▶ [Required action]: Nothing may be left out of the listing below but its images; repeat the rest exactly.

▶ [Dataset content]:
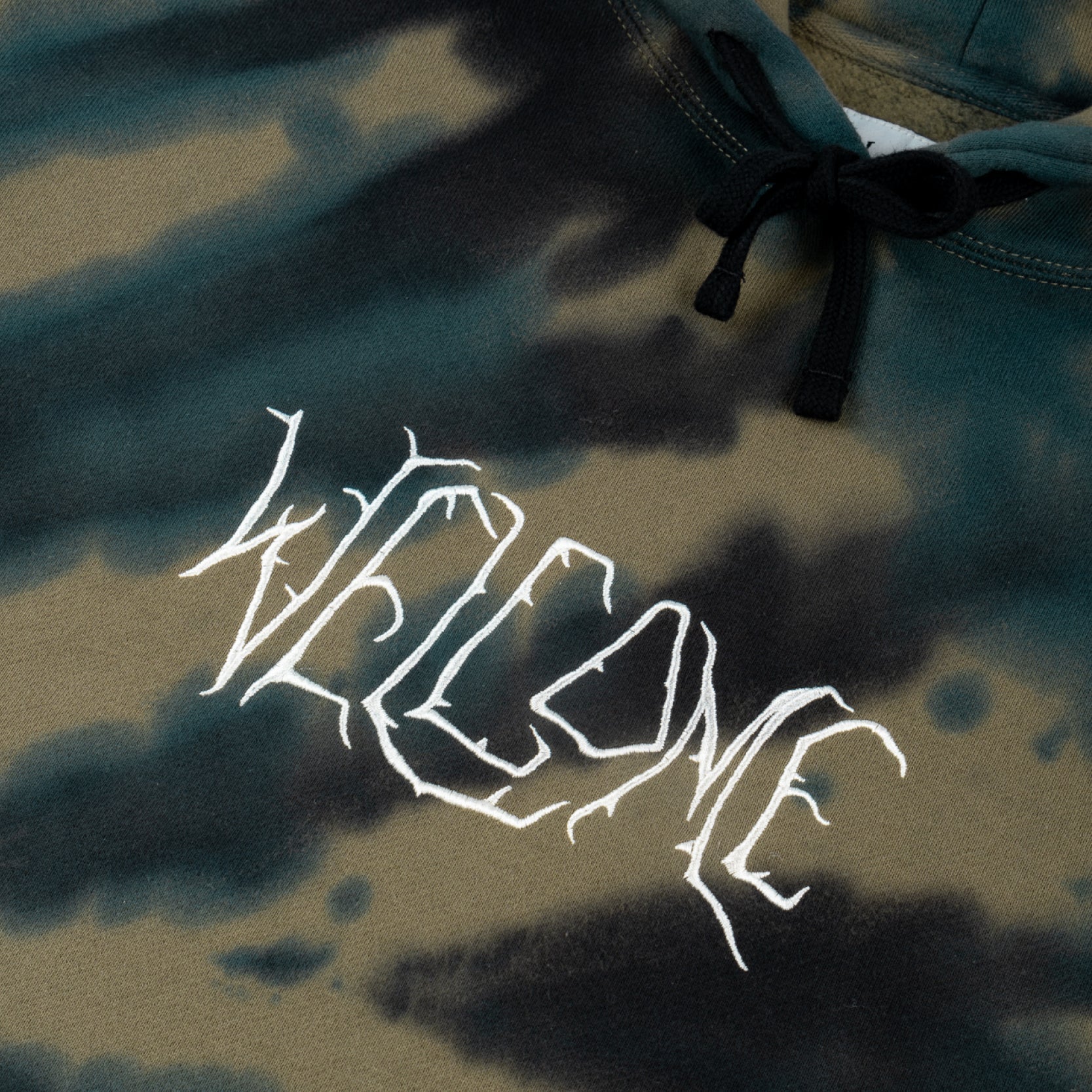 Exner Kelp Tie-Dyed Welcome Skateboards Hoodie Detail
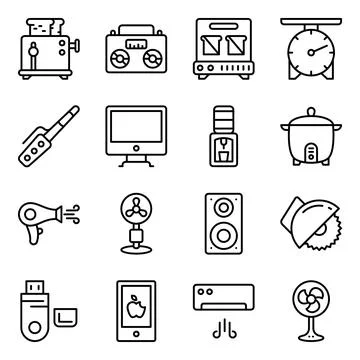 Pack of Electronic Linear Icons Stock Illustration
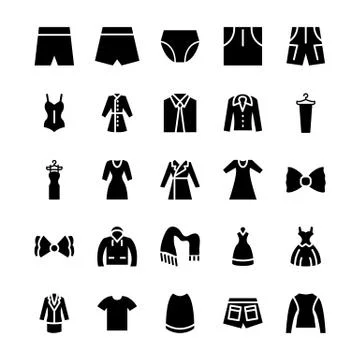 Clothes Vector Solid Icons Stock Illustration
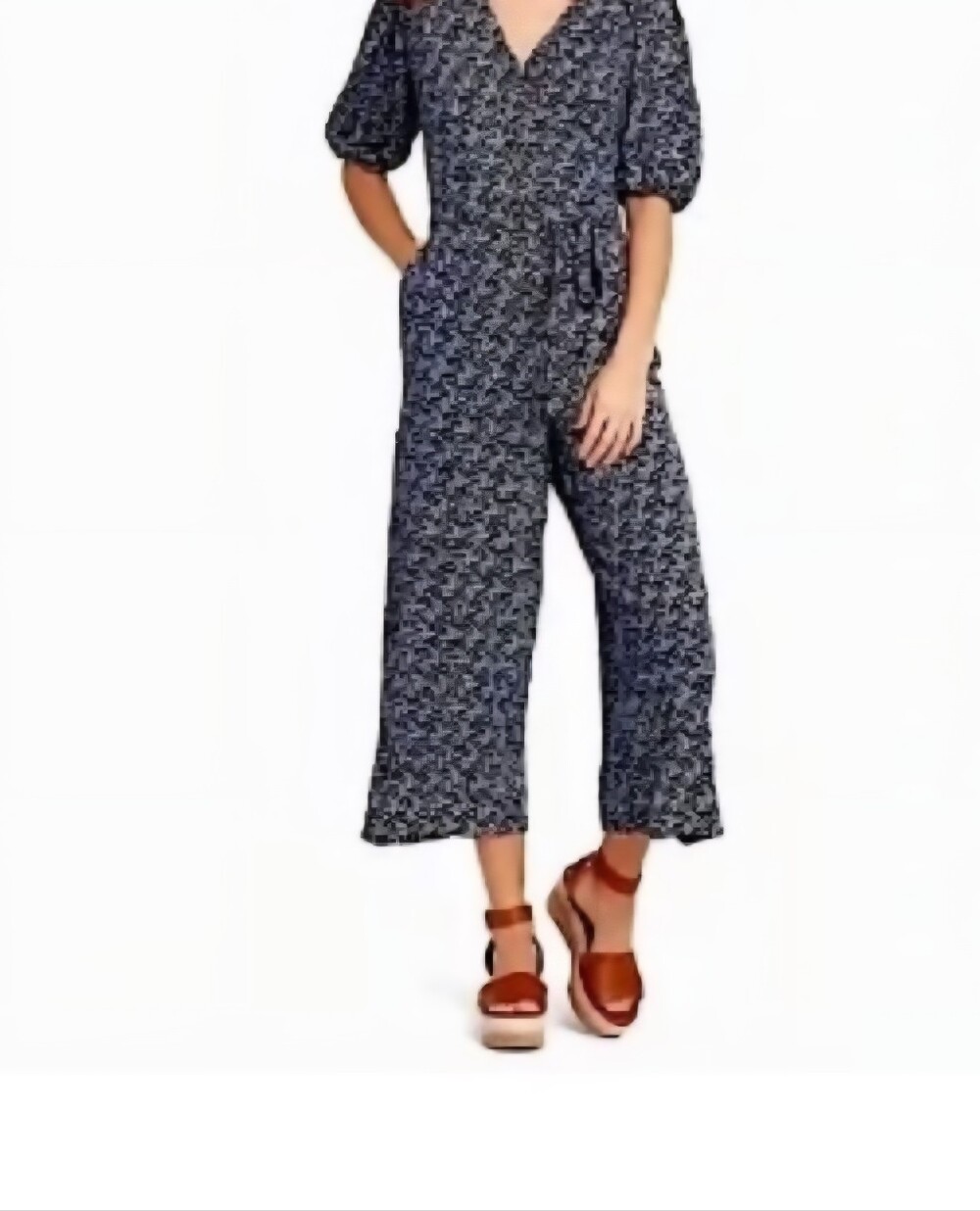 Universal Thread Navy Floral Wide-Leg Jumpsuit with Puff Sleeves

▶ [Solution below]:
 Exner Kelp Tie-Dyed Welcome Skateboards Hoodie Detail
 Pack of Electronic Linear Icons Stock Illustration
 Clothes Vector Solid Icons Stock Illustration
 Universal Thread Navy Floral Wide-Leg Jumpsuit with Puff Sleeves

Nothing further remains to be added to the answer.